The problem:
Write out the records word for word, with no pictures.

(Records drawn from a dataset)
○ ○ ○
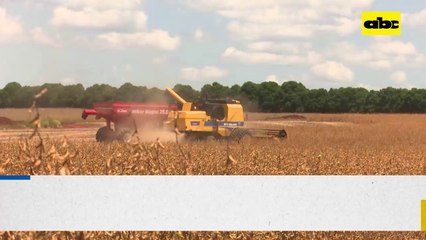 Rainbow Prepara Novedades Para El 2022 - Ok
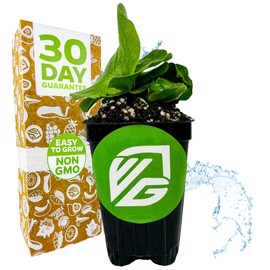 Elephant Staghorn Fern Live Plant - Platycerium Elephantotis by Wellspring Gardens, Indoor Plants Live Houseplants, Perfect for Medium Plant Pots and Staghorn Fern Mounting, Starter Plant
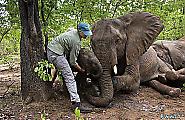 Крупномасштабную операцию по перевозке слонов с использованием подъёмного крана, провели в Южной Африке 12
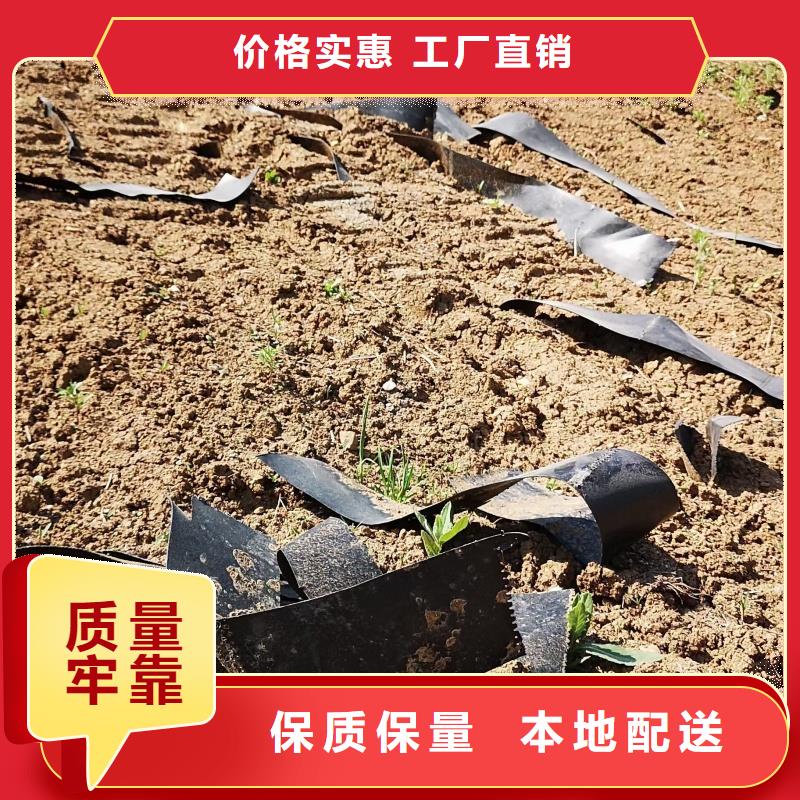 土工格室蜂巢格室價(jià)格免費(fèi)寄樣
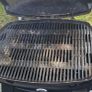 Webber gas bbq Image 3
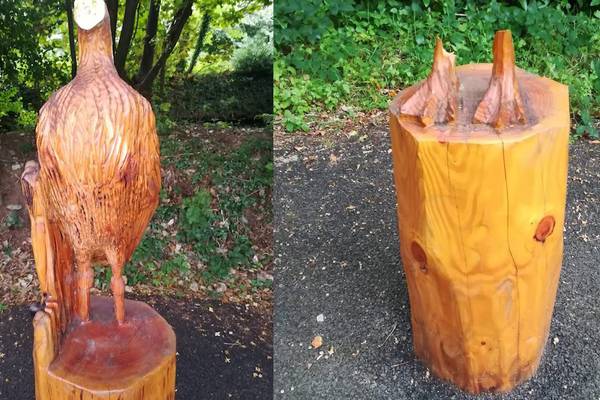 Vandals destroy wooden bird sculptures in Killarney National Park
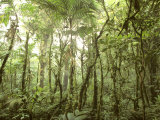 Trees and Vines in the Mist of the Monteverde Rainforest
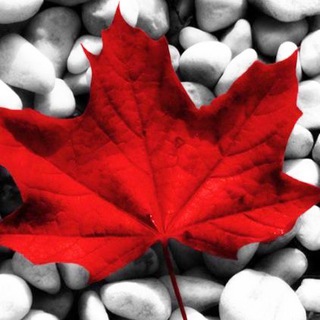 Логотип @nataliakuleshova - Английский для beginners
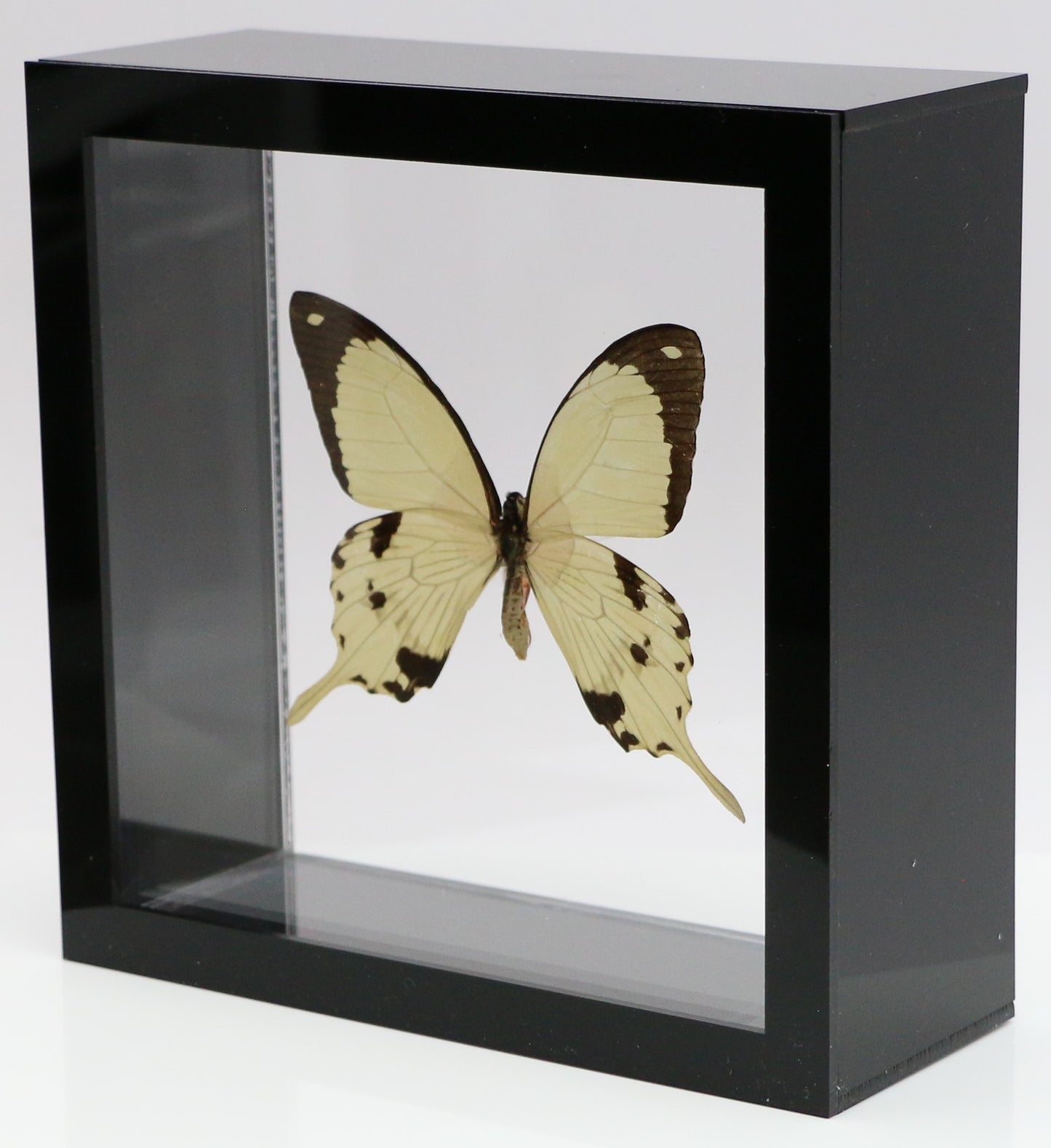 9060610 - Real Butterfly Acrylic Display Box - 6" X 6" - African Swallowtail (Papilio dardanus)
○ ○ ○
Finished exercise:
 Rainbow Prepara Novedades Para El 2022 - Ok
 Elephant Staghorn Fern Live Plant - Platycerium Elephantotis by Wellspring Gardens, Indoor Plants Live Houseplants, Perfect for Medium Plant Pots and Staghorn Fern Mounting, Starter Plant
 Крупномасштабную операцию по перевозке слонов с использованием подъёмного крана, провели в Южной Африке 12
 土工格室蜂巢格室價(jià)格免費(fèi)寄樣
 Webber gas bbq Image 3
 Vandals destroy wooden bird sculptures in Killarney National Park
 Trees and Vines in the Mist of the Monteverde Rainforest
 Логотип @nataliakuleshova - Английский для beginners
 9060610 - Real Butterfly Acrylic Display Box - 6" X 6" - African Swallowtail (Papilio dardanus)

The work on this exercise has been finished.